La terre sur les traces du soleil

, Chapitre 1

Depuis les années 30 le confinement magnétique est l'une des voies explorées pour domestiquer la fusion nucléaire.




Depuis les années 30, le confinement magnétique est l'une des voies explorées pour domestiquer la fusion nucléaire.
Et pourtant, il brille… La gravitation pour les uns, des réactions chimiques pour les autres. Dès le milieu du XIXe siècle, la controverse fait rage. D'où peut bien provenir l'énergie du Soleil ? C'est seulement en 1920 que le voile est levé, par les Britanniques Francis William Aston et Arthur Eddington : les noyaux d'atomes d'hydrogène, le principal constituant solaire, se transforment en hélium en fusionnant. Une réaction qui libère une énergie faramineuse, telle qu'elle prodigue à la Terre chaleur et lumière depuis milliards d'années! Et s'il était possible de reproduire le concept sur notre planète? L'idée fait son chemin dès les années 30 parmi les physiciens, mais longue est la route pour imiter le Soleil.

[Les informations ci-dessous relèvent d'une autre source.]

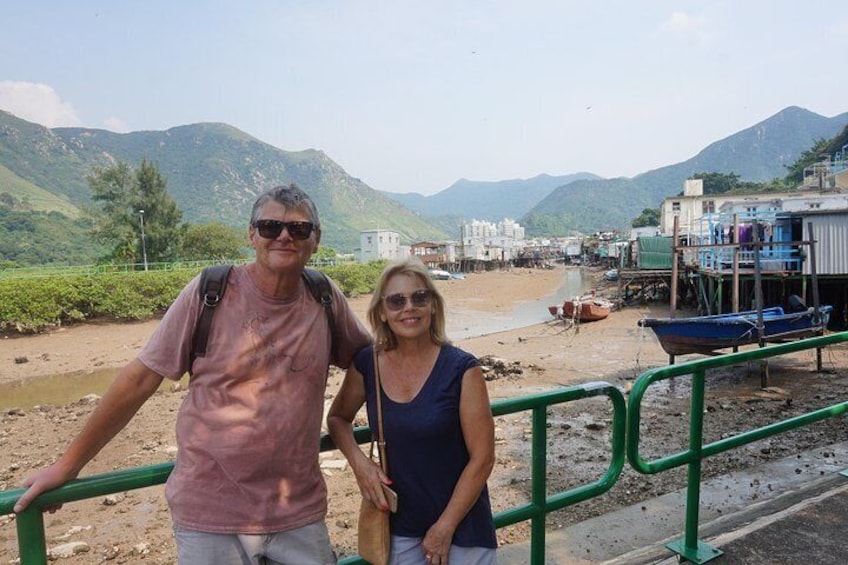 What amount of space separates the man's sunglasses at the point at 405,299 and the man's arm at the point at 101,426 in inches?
30.5

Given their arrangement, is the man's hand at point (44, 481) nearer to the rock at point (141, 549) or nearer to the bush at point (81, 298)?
the rock at point (141, 549)

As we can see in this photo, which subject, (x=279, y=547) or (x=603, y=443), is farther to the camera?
(x=603, y=443)

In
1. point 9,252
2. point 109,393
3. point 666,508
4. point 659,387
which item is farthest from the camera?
point 9,252

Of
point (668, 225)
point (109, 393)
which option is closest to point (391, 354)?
point (109, 393)

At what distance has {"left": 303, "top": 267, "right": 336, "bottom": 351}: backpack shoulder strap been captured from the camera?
196cm

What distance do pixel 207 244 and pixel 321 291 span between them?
183ft

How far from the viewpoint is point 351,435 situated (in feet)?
6.51

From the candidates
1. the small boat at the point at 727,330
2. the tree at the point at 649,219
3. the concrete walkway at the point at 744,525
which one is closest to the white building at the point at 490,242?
the tree at the point at 649,219

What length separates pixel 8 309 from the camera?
21.7 m

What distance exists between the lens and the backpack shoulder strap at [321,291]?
196 cm

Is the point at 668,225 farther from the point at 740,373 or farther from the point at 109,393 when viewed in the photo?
the point at 109,393

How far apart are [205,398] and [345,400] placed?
470 millimetres

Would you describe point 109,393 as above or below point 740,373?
above

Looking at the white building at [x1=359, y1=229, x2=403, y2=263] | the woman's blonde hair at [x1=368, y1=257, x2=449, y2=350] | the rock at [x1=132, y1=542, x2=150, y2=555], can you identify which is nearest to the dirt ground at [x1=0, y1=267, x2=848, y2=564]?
the rock at [x1=132, y1=542, x2=150, y2=555] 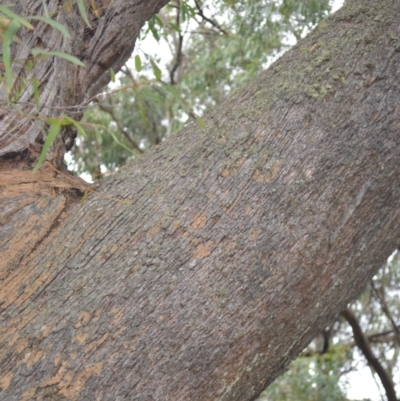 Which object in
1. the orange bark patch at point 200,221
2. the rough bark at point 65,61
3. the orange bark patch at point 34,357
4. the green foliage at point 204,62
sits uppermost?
the green foliage at point 204,62

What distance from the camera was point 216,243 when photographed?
1.46 m

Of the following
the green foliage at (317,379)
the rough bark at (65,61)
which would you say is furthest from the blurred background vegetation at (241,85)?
the rough bark at (65,61)

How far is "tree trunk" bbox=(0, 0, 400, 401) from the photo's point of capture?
138cm

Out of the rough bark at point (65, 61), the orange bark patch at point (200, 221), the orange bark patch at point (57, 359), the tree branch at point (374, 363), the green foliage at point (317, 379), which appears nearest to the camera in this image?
the orange bark patch at point (57, 359)

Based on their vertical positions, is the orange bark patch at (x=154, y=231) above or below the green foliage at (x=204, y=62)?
below

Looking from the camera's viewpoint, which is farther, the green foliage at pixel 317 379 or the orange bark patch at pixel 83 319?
the green foliage at pixel 317 379

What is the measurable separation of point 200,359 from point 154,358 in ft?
0.31

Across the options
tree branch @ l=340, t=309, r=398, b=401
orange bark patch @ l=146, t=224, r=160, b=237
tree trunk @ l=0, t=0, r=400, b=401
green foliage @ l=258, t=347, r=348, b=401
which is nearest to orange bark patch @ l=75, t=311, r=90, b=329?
tree trunk @ l=0, t=0, r=400, b=401

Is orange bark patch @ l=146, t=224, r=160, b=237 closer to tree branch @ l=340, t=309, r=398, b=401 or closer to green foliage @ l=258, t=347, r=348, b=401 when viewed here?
tree branch @ l=340, t=309, r=398, b=401

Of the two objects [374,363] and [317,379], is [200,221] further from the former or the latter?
[317,379]

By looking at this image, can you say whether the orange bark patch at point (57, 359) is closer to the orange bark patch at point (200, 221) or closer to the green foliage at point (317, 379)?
the orange bark patch at point (200, 221)

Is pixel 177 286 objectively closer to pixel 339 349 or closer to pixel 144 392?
pixel 144 392

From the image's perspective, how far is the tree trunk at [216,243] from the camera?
4.54ft

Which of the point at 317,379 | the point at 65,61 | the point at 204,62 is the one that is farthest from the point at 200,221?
the point at 204,62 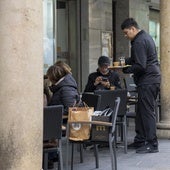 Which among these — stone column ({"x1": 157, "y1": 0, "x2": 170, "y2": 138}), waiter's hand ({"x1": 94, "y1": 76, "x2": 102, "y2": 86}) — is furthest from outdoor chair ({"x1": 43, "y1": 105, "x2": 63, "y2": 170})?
stone column ({"x1": 157, "y1": 0, "x2": 170, "y2": 138})

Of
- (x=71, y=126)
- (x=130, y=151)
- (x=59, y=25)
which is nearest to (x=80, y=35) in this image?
(x=59, y=25)

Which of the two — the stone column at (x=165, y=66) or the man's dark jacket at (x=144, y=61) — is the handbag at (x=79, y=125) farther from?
the stone column at (x=165, y=66)

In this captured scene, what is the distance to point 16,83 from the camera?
4.59m

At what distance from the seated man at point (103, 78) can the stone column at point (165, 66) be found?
1.03 m

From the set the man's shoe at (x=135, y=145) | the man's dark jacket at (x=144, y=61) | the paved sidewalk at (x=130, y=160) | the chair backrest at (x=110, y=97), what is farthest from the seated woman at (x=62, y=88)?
the man's shoe at (x=135, y=145)

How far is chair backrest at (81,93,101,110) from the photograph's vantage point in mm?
6641

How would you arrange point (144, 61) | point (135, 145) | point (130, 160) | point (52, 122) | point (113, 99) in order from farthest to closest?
point (135, 145), point (144, 61), point (113, 99), point (130, 160), point (52, 122)

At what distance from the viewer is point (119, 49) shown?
48.6 ft

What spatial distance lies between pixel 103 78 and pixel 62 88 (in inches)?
84.1

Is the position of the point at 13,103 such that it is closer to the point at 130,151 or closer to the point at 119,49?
the point at 130,151

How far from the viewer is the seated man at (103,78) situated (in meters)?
8.30

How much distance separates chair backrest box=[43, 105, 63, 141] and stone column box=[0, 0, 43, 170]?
21.6 inches

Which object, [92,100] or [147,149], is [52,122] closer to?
[92,100]

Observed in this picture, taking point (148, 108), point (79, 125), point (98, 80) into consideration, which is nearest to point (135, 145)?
point (148, 108) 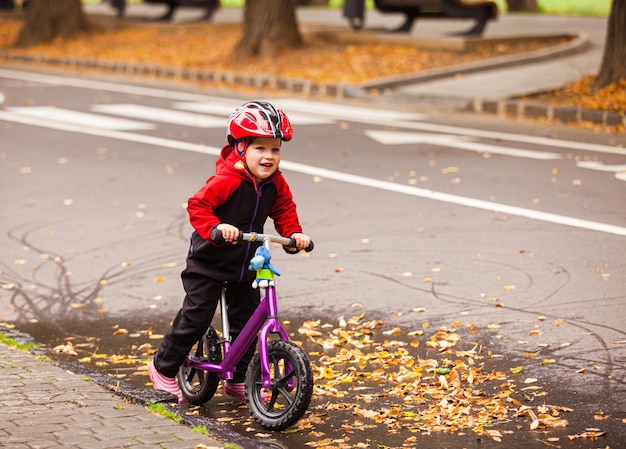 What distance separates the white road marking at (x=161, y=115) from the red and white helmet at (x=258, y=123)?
964 cm

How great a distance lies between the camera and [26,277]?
787cm

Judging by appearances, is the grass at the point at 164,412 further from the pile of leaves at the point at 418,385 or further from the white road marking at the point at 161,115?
the white road marking at the point at 161,115

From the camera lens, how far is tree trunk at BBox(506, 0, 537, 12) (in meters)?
36.0

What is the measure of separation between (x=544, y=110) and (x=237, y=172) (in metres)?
10.6

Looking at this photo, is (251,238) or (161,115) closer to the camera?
(251,238)

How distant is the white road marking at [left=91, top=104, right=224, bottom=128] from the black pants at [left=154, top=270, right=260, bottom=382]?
9359 millimetres

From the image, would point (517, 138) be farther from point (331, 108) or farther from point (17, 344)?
point (17, 344)

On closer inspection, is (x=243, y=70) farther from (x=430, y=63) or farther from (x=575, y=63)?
(x=575, y=63)

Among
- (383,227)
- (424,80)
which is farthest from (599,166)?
(424,80)

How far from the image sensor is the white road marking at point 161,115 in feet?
48.9

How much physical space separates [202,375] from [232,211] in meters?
0.96

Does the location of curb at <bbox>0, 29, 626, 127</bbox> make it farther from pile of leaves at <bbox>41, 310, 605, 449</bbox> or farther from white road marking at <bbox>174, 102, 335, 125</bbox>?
pile of leaves at <bbox>41, 310, 605, 449</bbox>

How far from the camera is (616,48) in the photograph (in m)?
15.5

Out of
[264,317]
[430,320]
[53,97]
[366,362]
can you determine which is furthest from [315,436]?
[53,97] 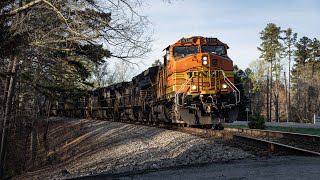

Étape incontournable : maîtriser la matière sous des conditions physiques extrêmes. Celle-ci est alors dans un état appelé plasma. En 1946, un premier concept de réacteur à fusion est breveté par les Britanniques Thomson et Blackman. Il ne sera jamais construit mais préfigure déjà les grands instruments actuels. Ensuite, Américains, Soviétiques, Anglais, Allemands et Français – avec la création en 1955 du Service de physique des plasmas du CEA, à Saclay – vont multiplier les expériences. Sans communiquer leurs résultats, guerre froide oblige. « Assez rapidement les physiciens se rendent compte que la mise au point sera longue et difficile », raconte Jean-Marc Ané, de l'association Euratom-CEA sur la fusion (voir encadré).
La naissance du tokamak
C'est en 1958 que la fusion gagne un nouveau souffle : les recherches ne sont plus classées "secret défense". Lors de la seconde conférence Atoms for peace à Genève, les spécialistes révèlent les différents moyens de contrôle du plasma qu'ils ont mis au point. Dès lors, la fusion acquiert sa dimension internationale. Les pays européens décident de coordonner leurs travaux dans le cadre du traité Euratom. Plusieurs dispositifs de taille modeste sont alors étudiés au CEA à Fontenay-aux-Roses.
Coup de théâtre en 1968. «Dix ans après la conférence Atoms for peace, les Soviétiques font une avancée décisive, explique Jean-Marc Ané. Ils obtiennent un plasma de 10 millions de degrés dans l'une de leurs machines, le tokamak T3.» Scepticisme de la communauté scientifique, jusqu'à ce qu'une équipe de chercheurs britanniques fasse le déplacement (toujours en pleine guerre froide !) et confirme ce résultat.
Les tokamaks deviennent alors la référence et fleurissent aux quatre coins de la planète. En France, le CEA met au point le TFR. Dans les années 80 sont lancés les chantiers des grands tokamaks: le Japonais JT-60, l'Américain TFTR, l'Européen JET (construit en Angleterre) ou encore le Français Tore Supra, au CEA à Cadarache. Grâce à eux, le plasma est de mieux en mieux maîtrisé.
Vers le projet Iter
L'histoire aborde, en 1985, un nouveau tournant. Cette année-là, Michaïl Gorbatchev propose à Ronald Reagan et François Mitterrand de construire un grand tokamak véritablement international. Le projet Iter (pour International thermonuclear experimental reactor) est né. Suivent alors quinze années d'études et de validations de composants de la machine. Les centres de echerche sont répartis en Europe, aux États-Unis et au Japon. «Le Soleil ne se couche jamais sur l'empire Iter», remarque Jean-Marc Ané. Malgré par de nombreux revirements (les États-Unis se retirent en 1998), les partenaires aboutissent en 2001 à un projet qui suscite suffisamment d'enthousiasme pour que les États-Unis, la Chine et la Corée du Sud souhaitent y participer. C'est cette machine qui sera construite, en France ou au Japon (à l'heure où nous écrivons ces lignes, le choix entre les sites de Cadarache et de Rokkasho-Mura n'a toujours pas été fait) et qui devrait constituer, ni plus ni moins, le plus grand chantier scientifique de ce siècle.
Euratom garant du développement
La Communauté européenne de l'énergie atomique (Euratom) est née en 1957, à Rome...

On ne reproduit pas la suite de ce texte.